I just wanted to find some peace
I launched Soldier.ly after my suicide attempt in 2016 was interrupted by an SMS, and we’ve since created world-first, international award-winning tech that lets people detect and manage stress on a Fitbit smartwatch. This year, I’ve been flown to Switzerland to accept a global innovation award and recently returned from the U.S. after meeting with people who will turn our little company into a global catalyst. While all this sounds incredibly exciting, the point is despite all the bright lights and attention, all I wanted to do was pull away from the world and find some peace.
But, I’m a veteran, and this kind of thinking isn’t new to far too many of my veteran mates. Our rate of mental health issues spans depression, anxiety and chronic stress from our service to this country that’s twice the national average. But after 16 months in this space, and after speaking with other founders who’ve burnt out, literally collapsed in the streets from exhaustion, and destroyed intimate / personal relationships out of their commitment to ‘the win’, I’m glad to find I’m not alone.
I’m not here to whinge. Quite the opposite. I’m simply openly saying what too many of us fear to say, start-up life is a fucking hard slog, and things need to change.

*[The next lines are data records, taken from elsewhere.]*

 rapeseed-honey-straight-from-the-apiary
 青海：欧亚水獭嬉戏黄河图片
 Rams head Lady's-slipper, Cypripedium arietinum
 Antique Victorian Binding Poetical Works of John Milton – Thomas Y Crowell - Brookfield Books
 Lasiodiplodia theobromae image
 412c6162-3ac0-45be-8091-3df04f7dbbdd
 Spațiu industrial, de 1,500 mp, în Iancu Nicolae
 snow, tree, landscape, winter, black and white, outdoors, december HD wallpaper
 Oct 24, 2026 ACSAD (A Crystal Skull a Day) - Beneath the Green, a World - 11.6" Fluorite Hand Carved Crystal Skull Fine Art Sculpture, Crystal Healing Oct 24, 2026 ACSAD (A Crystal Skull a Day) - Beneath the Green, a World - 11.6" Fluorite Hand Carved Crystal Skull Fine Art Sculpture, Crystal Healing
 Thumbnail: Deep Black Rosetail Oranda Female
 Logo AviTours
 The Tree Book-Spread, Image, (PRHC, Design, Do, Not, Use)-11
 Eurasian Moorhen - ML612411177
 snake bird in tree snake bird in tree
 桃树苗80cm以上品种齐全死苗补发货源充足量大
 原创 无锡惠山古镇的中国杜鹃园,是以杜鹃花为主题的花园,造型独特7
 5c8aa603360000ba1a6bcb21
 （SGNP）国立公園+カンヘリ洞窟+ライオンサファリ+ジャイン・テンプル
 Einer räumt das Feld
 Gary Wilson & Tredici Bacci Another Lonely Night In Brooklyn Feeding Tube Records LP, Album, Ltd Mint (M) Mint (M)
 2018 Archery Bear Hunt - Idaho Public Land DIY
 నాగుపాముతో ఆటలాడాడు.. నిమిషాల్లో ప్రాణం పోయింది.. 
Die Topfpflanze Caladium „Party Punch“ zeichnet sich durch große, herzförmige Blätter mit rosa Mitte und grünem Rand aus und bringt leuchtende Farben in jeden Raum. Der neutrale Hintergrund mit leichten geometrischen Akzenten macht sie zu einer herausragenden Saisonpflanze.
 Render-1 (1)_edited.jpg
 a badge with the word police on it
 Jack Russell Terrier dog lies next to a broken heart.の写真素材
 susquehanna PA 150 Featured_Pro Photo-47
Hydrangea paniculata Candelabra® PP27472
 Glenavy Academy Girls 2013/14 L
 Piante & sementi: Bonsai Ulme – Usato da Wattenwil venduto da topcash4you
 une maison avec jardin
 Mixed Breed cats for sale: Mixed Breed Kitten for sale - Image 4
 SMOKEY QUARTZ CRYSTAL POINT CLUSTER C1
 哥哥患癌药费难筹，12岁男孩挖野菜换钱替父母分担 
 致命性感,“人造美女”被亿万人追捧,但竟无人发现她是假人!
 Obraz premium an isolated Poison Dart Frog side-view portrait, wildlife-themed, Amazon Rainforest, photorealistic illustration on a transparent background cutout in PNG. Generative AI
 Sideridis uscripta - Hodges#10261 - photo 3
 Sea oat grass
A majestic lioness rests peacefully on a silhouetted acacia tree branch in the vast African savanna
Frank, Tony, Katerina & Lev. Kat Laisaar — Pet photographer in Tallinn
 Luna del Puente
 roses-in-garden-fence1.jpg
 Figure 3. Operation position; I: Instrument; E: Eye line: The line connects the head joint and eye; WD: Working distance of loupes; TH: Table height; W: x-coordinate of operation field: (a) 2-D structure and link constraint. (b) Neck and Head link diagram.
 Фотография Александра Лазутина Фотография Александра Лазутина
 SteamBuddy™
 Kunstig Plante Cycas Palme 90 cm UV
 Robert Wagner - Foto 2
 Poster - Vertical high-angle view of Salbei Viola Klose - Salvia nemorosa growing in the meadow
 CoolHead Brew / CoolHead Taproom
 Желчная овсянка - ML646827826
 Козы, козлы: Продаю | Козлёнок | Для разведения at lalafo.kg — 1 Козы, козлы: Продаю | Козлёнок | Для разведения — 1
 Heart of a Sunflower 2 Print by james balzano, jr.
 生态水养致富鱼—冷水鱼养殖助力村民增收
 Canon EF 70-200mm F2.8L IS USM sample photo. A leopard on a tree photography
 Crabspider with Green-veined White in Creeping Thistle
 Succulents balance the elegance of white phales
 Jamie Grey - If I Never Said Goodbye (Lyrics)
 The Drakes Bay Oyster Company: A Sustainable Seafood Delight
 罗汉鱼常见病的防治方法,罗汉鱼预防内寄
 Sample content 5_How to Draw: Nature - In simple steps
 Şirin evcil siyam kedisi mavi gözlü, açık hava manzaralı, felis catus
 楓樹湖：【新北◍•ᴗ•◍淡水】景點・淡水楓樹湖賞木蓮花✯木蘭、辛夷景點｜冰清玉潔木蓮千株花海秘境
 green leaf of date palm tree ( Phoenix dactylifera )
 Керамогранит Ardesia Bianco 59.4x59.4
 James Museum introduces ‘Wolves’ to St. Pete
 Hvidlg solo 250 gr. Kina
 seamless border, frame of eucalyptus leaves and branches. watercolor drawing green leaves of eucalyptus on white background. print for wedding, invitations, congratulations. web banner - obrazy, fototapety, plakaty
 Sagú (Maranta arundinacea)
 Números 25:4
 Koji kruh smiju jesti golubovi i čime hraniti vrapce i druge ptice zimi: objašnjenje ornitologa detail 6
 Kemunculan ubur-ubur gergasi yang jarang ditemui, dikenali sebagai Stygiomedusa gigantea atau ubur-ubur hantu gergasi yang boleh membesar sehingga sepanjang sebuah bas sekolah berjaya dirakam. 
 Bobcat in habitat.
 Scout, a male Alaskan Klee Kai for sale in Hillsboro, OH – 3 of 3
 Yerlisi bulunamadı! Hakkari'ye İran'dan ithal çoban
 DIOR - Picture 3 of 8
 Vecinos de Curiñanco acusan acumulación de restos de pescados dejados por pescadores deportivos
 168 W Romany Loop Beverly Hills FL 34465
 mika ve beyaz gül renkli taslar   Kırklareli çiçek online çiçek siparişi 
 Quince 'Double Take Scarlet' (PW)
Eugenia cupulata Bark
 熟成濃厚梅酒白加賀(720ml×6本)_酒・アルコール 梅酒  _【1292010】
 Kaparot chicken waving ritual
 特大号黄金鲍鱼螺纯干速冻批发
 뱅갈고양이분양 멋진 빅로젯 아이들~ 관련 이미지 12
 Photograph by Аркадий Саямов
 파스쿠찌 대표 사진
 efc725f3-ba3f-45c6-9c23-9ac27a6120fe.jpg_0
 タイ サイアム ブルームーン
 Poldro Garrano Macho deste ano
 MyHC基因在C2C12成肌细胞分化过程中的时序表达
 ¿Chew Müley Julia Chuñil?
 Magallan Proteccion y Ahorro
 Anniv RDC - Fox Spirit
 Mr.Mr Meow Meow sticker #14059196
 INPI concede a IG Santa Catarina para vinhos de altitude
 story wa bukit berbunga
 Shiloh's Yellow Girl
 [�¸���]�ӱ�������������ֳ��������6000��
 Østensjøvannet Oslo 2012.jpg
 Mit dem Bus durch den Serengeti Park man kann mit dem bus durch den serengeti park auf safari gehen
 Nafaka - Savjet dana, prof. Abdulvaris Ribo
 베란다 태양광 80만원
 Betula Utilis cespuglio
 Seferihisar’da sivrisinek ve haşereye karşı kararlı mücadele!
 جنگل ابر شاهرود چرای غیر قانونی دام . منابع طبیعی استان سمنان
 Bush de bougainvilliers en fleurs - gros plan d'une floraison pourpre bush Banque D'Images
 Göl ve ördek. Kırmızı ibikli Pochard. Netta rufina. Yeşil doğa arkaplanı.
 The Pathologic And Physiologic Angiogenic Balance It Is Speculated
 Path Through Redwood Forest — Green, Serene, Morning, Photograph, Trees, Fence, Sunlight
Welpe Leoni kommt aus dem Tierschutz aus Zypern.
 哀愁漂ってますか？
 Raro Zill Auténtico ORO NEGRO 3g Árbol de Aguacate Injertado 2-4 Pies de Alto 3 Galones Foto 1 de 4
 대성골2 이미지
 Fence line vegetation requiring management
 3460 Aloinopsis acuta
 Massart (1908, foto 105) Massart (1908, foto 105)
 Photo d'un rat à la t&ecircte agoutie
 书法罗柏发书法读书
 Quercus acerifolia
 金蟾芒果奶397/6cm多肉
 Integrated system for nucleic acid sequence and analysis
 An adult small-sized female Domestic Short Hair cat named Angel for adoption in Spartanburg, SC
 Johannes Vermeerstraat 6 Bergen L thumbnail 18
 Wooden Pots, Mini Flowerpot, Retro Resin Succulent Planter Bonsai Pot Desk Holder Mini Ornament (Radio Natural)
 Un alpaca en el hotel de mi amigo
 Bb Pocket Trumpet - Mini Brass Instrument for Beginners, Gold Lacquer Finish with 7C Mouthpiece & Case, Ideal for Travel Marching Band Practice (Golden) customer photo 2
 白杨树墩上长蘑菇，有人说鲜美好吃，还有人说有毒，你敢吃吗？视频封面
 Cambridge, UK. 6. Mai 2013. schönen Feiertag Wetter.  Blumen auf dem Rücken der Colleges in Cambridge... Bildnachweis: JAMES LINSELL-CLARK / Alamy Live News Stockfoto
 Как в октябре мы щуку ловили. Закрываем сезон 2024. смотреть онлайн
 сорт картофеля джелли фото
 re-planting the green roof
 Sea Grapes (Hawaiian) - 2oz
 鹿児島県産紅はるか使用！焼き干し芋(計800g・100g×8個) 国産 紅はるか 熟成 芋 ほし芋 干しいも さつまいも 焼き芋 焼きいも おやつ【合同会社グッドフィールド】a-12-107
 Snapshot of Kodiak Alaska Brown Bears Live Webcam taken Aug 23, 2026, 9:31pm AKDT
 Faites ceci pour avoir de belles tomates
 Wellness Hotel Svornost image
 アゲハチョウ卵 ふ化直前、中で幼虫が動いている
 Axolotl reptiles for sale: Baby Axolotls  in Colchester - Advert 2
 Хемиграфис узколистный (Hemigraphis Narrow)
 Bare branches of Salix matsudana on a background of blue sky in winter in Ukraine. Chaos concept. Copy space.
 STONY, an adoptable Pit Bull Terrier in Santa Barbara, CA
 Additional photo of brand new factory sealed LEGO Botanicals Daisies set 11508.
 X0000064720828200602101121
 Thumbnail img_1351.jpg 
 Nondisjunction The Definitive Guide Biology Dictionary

Entrepreneurs, according to a study by Michael Freeman, are 50% more likely to report having a mental health condition, with some specific conditions being incredibly prevalent amongst founders. Founders are:
6X more likely to suffer from ADHD
3X more likely to suffer from substance abuse
10X more likely to suffer from bi-polar disorder
2X more likely to have psychiatric hospitalisation
2X more likely to have suicidal thoughts
The first thing that falls away is the time I spent looking after myself
It’s no surprise why. I spend so much time worrying about finding, hiring and firing the people we need, making sure we can keep the doors open, filtering good advice from bad, choosing to pivot (or not), balancing work, life, money, time etc. that the first thing that falls away is the essential time I used to take to look after myself.
Our economy, our society, desperately needs entrepreneurs. Our self-selected, self-flagellating gig is to create jobs, new markets, products and services, and hopefully, make enough money to live…let along thrive and survive. To be honest, I have zero desire to be the next Elon Musk or Mark (the robot) Zuckerberg. But I’m 100% committed to solving the problem I’ve invested my life savings and reputation on.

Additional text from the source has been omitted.